Excerpts from a dataset
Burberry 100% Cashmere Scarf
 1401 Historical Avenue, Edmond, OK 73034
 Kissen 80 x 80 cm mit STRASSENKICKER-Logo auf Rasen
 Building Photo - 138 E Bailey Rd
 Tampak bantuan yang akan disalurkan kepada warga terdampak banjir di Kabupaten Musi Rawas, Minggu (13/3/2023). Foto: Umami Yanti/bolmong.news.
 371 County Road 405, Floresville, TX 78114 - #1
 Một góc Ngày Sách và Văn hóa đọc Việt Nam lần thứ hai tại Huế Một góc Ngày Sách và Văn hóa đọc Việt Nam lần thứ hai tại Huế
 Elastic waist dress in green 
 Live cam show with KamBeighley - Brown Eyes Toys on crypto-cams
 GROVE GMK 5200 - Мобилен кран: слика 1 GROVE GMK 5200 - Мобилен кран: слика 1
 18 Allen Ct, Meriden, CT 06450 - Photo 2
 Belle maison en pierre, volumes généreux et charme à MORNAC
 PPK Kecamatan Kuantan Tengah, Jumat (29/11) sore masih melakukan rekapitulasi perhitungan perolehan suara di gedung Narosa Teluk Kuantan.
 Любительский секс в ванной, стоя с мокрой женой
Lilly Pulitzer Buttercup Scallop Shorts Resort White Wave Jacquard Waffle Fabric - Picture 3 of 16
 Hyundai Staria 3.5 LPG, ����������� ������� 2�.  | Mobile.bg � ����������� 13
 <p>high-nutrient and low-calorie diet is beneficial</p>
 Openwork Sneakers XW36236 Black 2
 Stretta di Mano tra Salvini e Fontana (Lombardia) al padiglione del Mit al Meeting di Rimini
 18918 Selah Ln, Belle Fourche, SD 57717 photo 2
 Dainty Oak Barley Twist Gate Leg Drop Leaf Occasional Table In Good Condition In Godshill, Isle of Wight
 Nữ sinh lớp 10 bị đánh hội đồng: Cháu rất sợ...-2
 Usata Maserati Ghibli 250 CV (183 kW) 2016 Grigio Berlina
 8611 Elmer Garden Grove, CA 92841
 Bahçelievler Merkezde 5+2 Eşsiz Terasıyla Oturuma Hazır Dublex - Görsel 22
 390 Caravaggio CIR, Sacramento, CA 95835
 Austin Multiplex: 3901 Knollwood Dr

— TASK ITEM —
Starting at the first line of the data above, please restate word for word every line up to and including the one that holds "Nữ sinh lớp", and add nothing else.

— WRITTEN REPLY —
Burberry 100% Cashmere Scarf
 1401 Historical Avenue, Edmond, OK 73034
 Kissen 80 x 80 cm mit STRASSENKICKER-Logo auf Rasen
 Building Photo - 138 E Bailey Rd
 Tampak bantuan yang akan disalurkan kepada warga terdampak banjir di Kabupaten Musi Rawas, Minggu (13/3/2023). Foto: Umami Yanti/bolmong.news.
 371 County Road 405, Floresville, TX 78114 - #1
 Một góc Ngày Sách và Văn hóa đọc Việt Nam lần thứ hai tại Huế Một góc Ngày Sách và Văn hóa đọc Việt Nam lần thứ hai tại Huế
 Elastic waist dress in green 
 Live cam show with KamBeighley - Brown Eyes Toys on crypto-cams
 GROVE GMK 5200 - Мобилен кран: слика 1 GROVE GMK 5200 - Мобилен кран: слика 1
 18 Allen Ct, Meriden, CT 06450 - Photo 2
 Belle maison en pierre, volumes généreux et charme à MORNAC
 PPK Kecamatan Kuantan Tengah, Jumat (29/11) sore masih melakukan rekapitulasi perhitungan perolehan suara di gedung Narosa Teluk Kuantan.
 Любительский секс в ванной, стоя с мокрой женой
Lilly Pulitzer Buttercup Scallop Shorts Resort White Wave Jacquard Waffle Fabric - Picture 3 of 16
 Hyundai Staria 3.5 LPG, ����������� ������� 2�.  | Mobile.bg � ����������� 13
 <p>high-nutrient and low-calorie diet is beneficial</p>
 Openwork Sneakers XW36236 Black 2
 Stretta di Mano tra Salvini e Fontana (Lombardia) al padiglione del Mit al Meeting di Rimini
 18918 Selah Ln, Belle Fourche, SD 57717 photo 2
 Dainty Oak Barley Twist Gate Leg Drop Leaf Occasional Table In Good Condition In Godshill, Isle of Wight
 Nữ sinh lớp 10 bị đánh hội đồng: Cháu rất sợ...-2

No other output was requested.